POR FERNANDO JIMÉNEZ BERROCAL, CRONISTA OFICIAL DE CÁCERES
Las enfermedades infecto-contagiosas fueron consideradas como un «azote de Dios» por aquellos que durante siglos las padecieron. La temida peste negra o las más comunes como la erisipela, el mal de pecho o el tabardillo formaron parte de las emergencias sanitarias que afectaron en mayor o menor medida a los vecinos de la villa cacereña. Ante ello, solo se podía luchar con escasas infraestructuras sanitarias que nunca fueron suficientes para paliar las angustias y sufrimientos que acompañaban a los más desfavorecidos, los que tenían menos defensas tanto higiénicas como sanitarias para defenderse de situaciones que diezmaban el vecindario de los pueblos.

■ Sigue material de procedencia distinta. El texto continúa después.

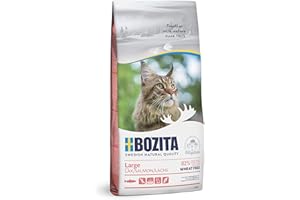 Bozita Large Weizenfrei Lachs – 2 kg Trockenfutter für große Katzenrassen – weizenfreies Katzenfutter mit 31 % Protein & 18 % Fett – für sensible Katzen – ohne Zucker & Gentechnik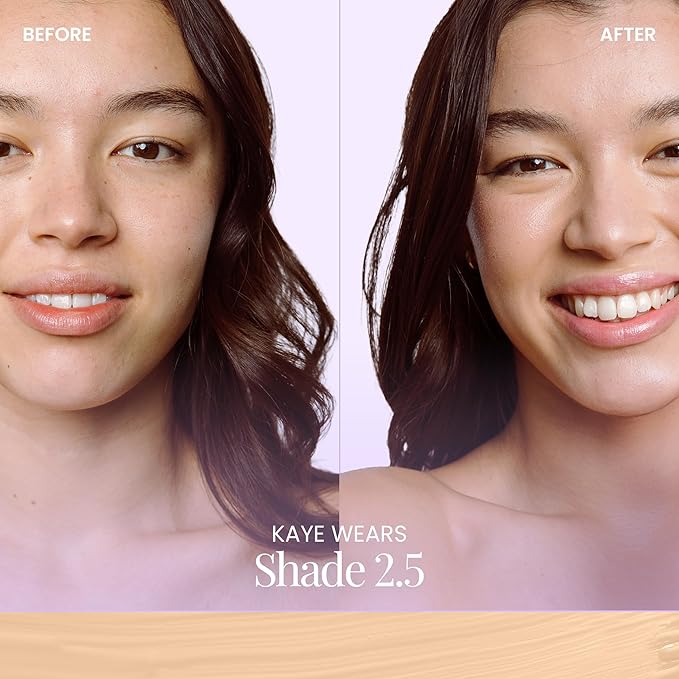 Naked Sundays BeautyScreen™ SPF 50 Peptide Foundation Tint – Tinted Sunscreen & Skincare Makeup with Zinc Oxide, Niacinamide – Lightweight Natural Coverage, 2.5 Light Neutral, 1.01 oz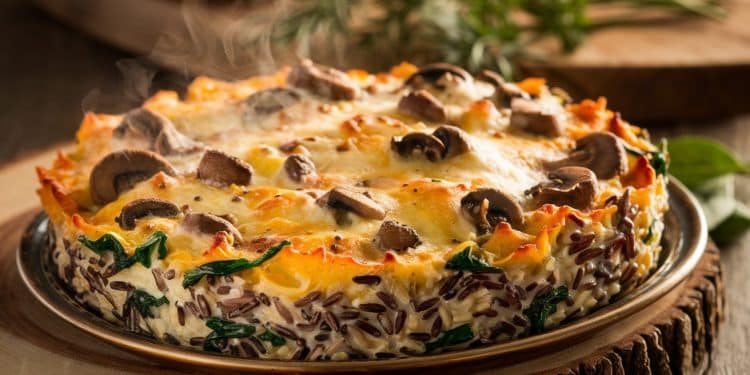 Gratin de riz sauvage aux épinards et champignons - Viral Mag Un plat réconfortant et savoureux qui marie parfaitement le riz sauvage les champignons et les épinards dans une poêlée crémeuse et gratinée Découvrez notre recette pas à pas Viral Mag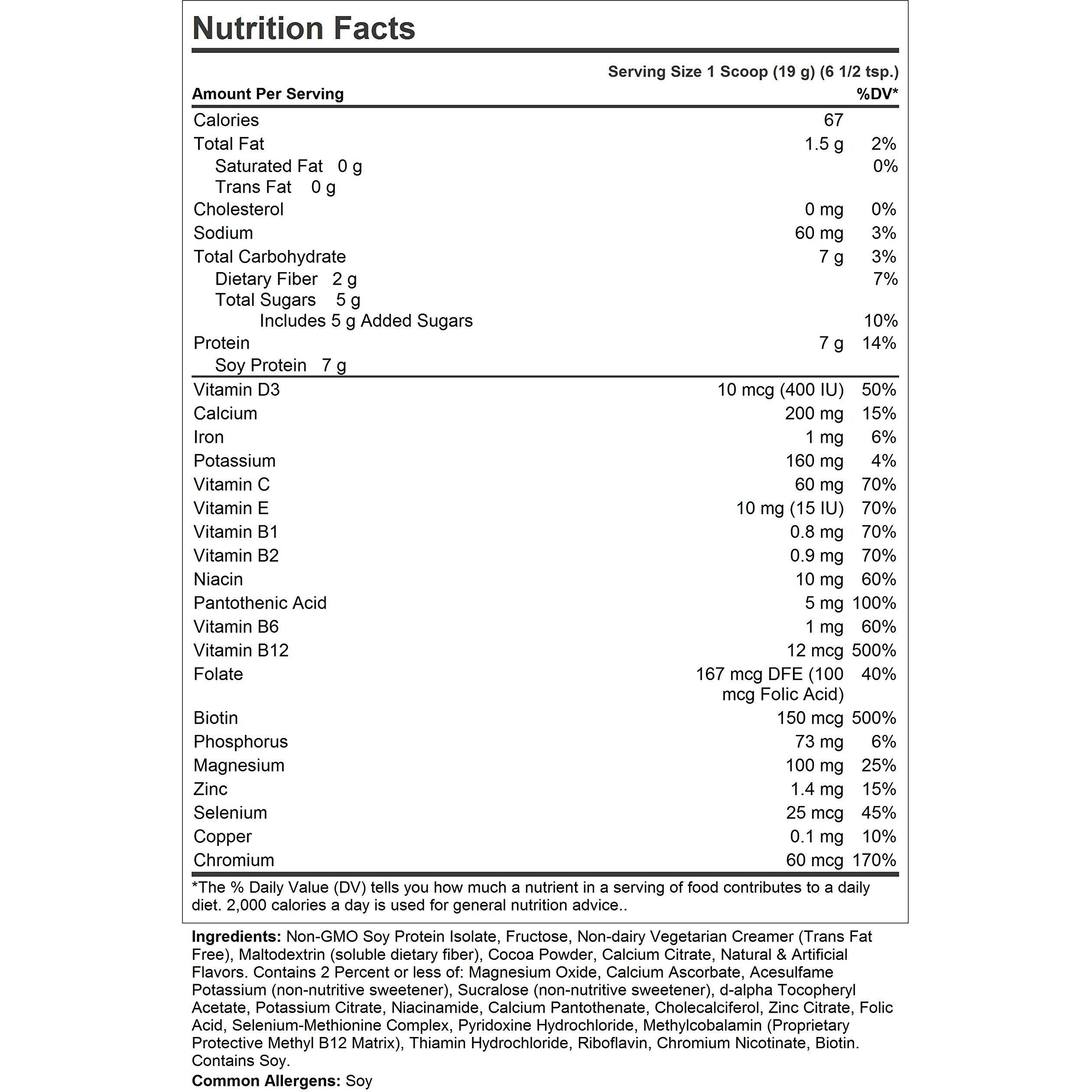 Andrew Lessman Secure Soy Complete Meal Replacement - Chocolate 30 Servings - Only 67 Calories, 7 Grams Non-Gmo Soy Protein, Vitamins & Minerals, Low-Fat, Nutritious & Delicious, Mixes Instantly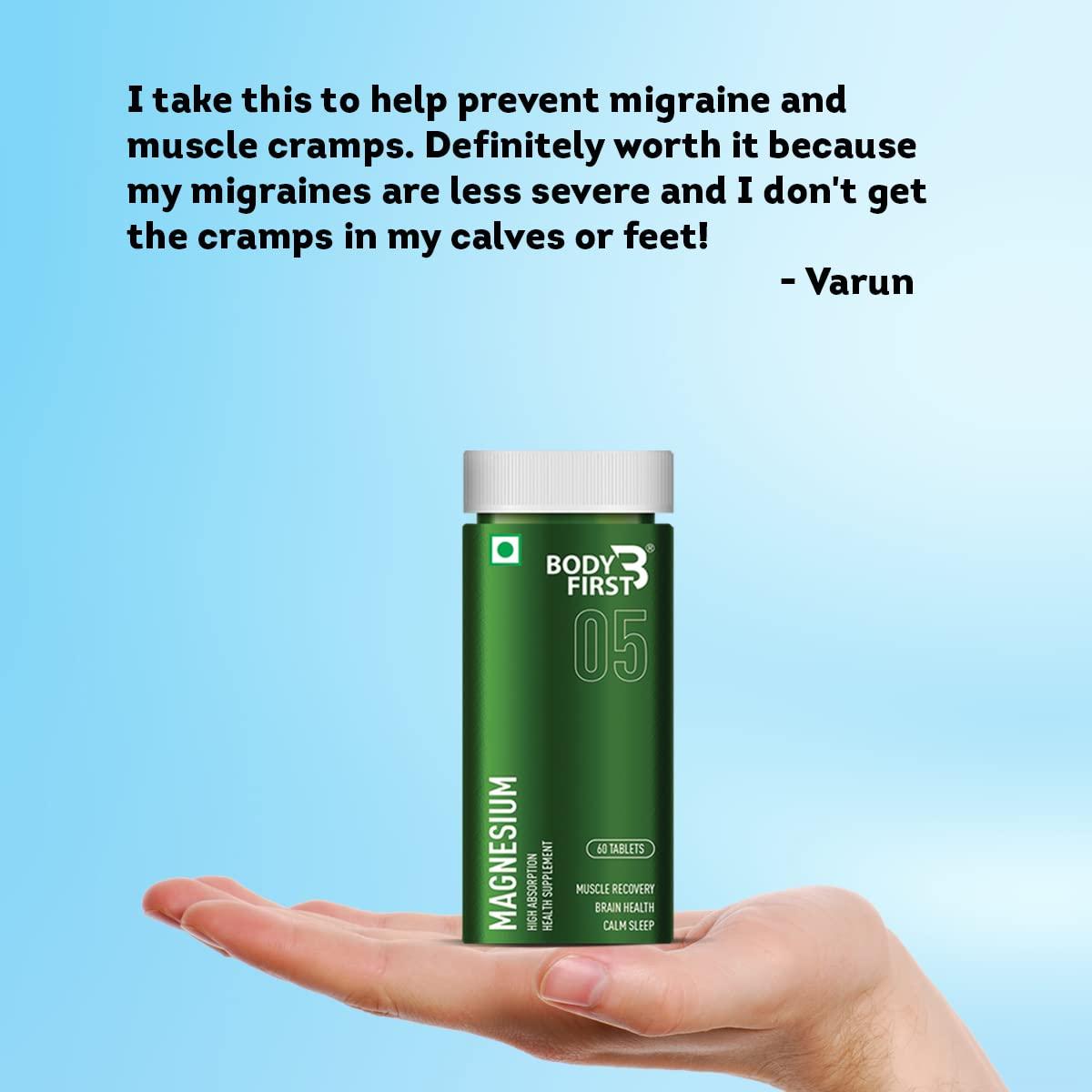 Body First Body First Aquamin Magnesium - Supports Energy & Enzyme Production, Bone Health, Muscle Soreness & Cramps, Relax Calm Sleep & Recovery, 60 Veg Tablets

Son especialmente crueles las últimas décadas del siglo XVII. La peste de 1649 se inicia en Andalucía y se ceba con la capital Sevillana que pierde casi la mitad de los vecinos. Esta situación sirvió para que desde la Corte se instruyeran órdenes para controlar la sangría humana que suponía la peste, una desolación que circulaba por diferentes puntos de Andalucía y Extremadura. La medida principal que se plantea es el aislamiento de la villa para los productos y personas venidas de fuera, una medida que no siempre consiguió los resultados deseados, pues se podía infringir de diferentes maneras.
El 14 de Agosto de 1650 se produce un hecho inédito en Cáceres, era encausado un noble local por haber permitido el acceso ilegal a la ciudad de dos mujeres venidas de fuera. Cuando se tienen noticias que en la casa de Maria ‘la Picona’ en la calle Hornos viven dos mujeres llamadas Inés de Cuellar, natural de Alburquerque y Clara de Vargas, natural de Toledo, el corregidor ordena su detención e interrogatorio para saber cómo han podido entrar en la ciudad.
Según relatan las propias afectadas, habían llegado a Cáceres en la noche del día anterior y se habían quedado en el convento de San Francisco. Al llegar el día, con ayuda del noble local Alvaro de Ulloa y Carvajal, consiguieron penetrar en el recinto urbano por la puerta del agua- el arco del Cristo- que solo se abría para el acceso de aquellos vecinos que acarreaban el agua desde Fuente Concejo. Son condenadas al destierro inmediato a un lugar alejado 7 leguas de la villa, advirtiéndole que en caso de reincidencia serán castigadas con pena de vergüenza pública.
El noble por su parte es encerrado en la cárcel del concejo y se le pone una multa de 4.000 maravedíes. Un hecho extraño en una ciudad donde la nobleza local no solía responder ante nadie, menos ante la autoridad municipal, de sus excesos. Aunque cuando rondaban pestes y muerte parece ser que las inmunidades se percibían de otra manera.